If it’s past midnight and your hands have frozen to the keyboard because you were too busy nerfing to turn on the heating then, please, read on and save yourself! Here are Dealspwn's top ten signs that you've spent too much time gaming!
1. You’re fat
Yes, you’re no longer the size 10 that sidled onto the sofa when first discovering the magic of gaming.
You are now a fat, lazy bastard who’s incapable of climbing the stairs without the assistance of the banister. Sure, in the game you’re a death defying ninja with l33t skill0rz but sadly, in real life, you need to go for a run.
2. You’re malnourished
Fat, but malnourished. You see unlike in the game, food doesn’t heal you, make you stronger and instantly wake you up.
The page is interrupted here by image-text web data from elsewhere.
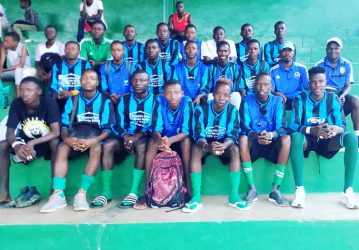 Championnat D4: match le plus important de la saison pour l’AS Rangers FC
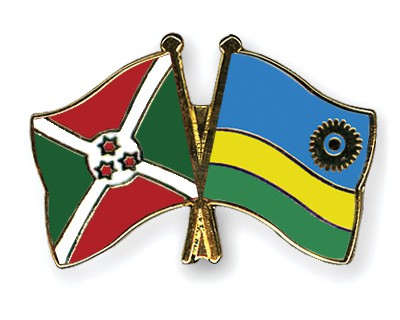 Perezida Paul Kagame yoherereje ubutumwa bwo kwihanganisha igihugu cy' uburundi kubera urupfu rwa perezida Pierre Nkurunziza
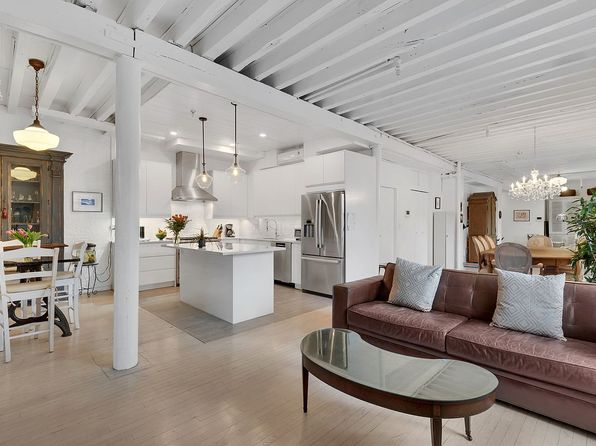 330 Pearl St #4AB, New York, NY 10038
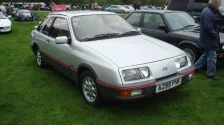 Ford 2.0 (100 bg) (1982)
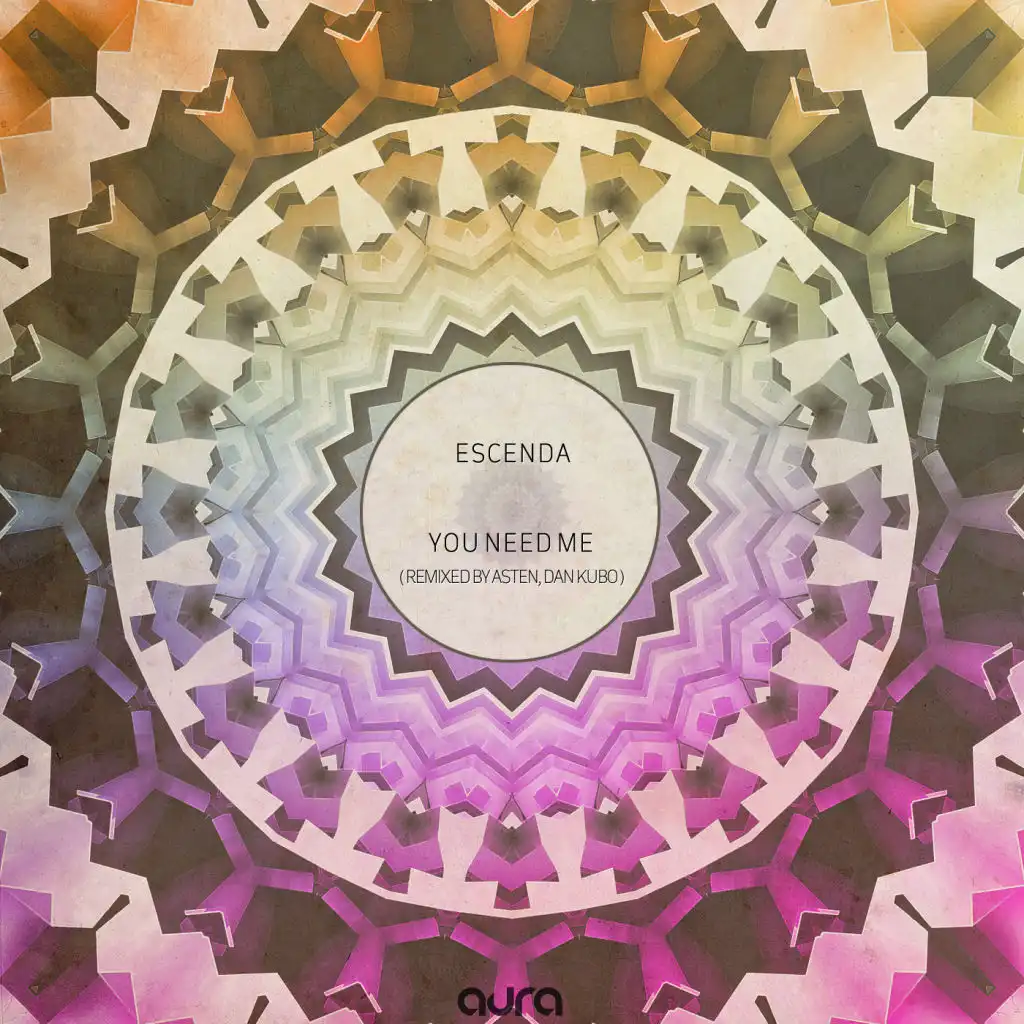 You Need Me (Asten Remix)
Sorry, but those three pizza slices, two chocolates and a bun that you just stuffed into your gob are all oozing with crap and have maybe 1/17th of your five a day. So in real life you probably barely have enough strength to lift your mouse, much less an epix sword.
3. Your local shop has banned you
This is because every time you’ve gone to buy household essentials such as milk, sugar, coffee and eggs you’ve stood on them and spent a good few minutes wondering why they haven’t entered your inventory.
Sure, other gamers hanging about your local Tesco are probably nodding sagely at your behaviour and giving you points for hardcore brilliance but the shop manager didn’t look kindly on crushed eggs and cornflakes all over his floor.
4. You’re devoutly religious
In any conversation about religious beliefs it is a guarantee that you’ll manage to stop everyone in their tracks with your convincing response of “I’m a gamer.”
You honestly can’t understand what else there is on earth that could possibly demand as much faith, belief and passion.
5. You can’t fight
Although nerds and geeks aren’t beaten up with the same levels of frequency as they were back in the 80s (Revenge of the Nerds anyone?) it’s still very sad when you ask the nice man approaching you while cracking his knuckles to, “Hang on a minute, just need to go and get my controller.”
6. You’ve got an ASBO
No, not because you’ve randomly attacked innocent people because you believe that they are merely pawns in a game of GTA. It’s because you have the urge to shoot out every security camera you see just in case the evil mastermind spots you entering his domain.
7. Your neighbour has issued a restraining order
If you’re going to constantly climb on ledges and edge around corners while holding a plastic gun to your chest and chanting, “hut hut hut” under your breath then you’ve got to understand when your neighbours get a little freaked out.
It’s not pretty seeing some fat bastard with his ass hanging out sitting on your window ledge when you’re trying to eat your dinner.
8. Muggers love you
Playing Zelda has left you with the desperate need to hold anything new you’ve bought over your head in a wild gesture of victory. You stand there with your arms aloft, grinning like a maniac with the sounds of success echoing in your mind, in surround sound.
You do this when you go shopping (another reason they banned you), buy a magazine or collect a parcel from the post office. Now every criminal within a 10 mile radius knows exactly when to tackle you and take you down.
9. Your idea of music has changed
Instead of being down with the latest tunes on the radio, iTunes or Spotify you’re too busy downloading the MP4 from the soundtrack to the movie of the game that was crap.
Super Mario Brothers wakes you up in the mornings and the soothing sounds of the WoW background music lulls to you sleep at night. You even know the words and get a brief moment of exercise dancing to the opening of CoD4.
10. You don’t sleep
Unfortunately, the lack of a Save button in real life has left you with something of a dilemma. How can you possible go to sleep without being sure that you’ve saved your progress?
Fortunately, with the judicious use of a video camera, a controller and some tape you think that tonight you may actually get some sleep.